■ **AIM OF THE TASK**
Look through the material and tally each line bearing the word "para". Give only the total.

··· MATERIAL PROVIDED ···

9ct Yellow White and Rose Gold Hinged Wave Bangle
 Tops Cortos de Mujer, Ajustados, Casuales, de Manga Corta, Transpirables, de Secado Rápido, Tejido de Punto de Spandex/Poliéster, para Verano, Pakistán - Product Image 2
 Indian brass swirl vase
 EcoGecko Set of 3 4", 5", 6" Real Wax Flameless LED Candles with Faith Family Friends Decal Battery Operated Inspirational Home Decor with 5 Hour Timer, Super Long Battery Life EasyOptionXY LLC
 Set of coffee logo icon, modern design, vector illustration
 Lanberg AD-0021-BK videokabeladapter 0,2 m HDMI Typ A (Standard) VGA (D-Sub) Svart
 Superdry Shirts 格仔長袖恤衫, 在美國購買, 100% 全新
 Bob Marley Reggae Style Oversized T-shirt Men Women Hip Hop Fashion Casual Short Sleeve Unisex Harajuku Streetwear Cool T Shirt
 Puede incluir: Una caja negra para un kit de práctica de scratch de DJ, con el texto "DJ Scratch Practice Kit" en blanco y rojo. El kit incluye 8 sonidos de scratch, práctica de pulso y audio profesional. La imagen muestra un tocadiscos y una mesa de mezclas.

···

■ **WRITTEN ANSWER**
2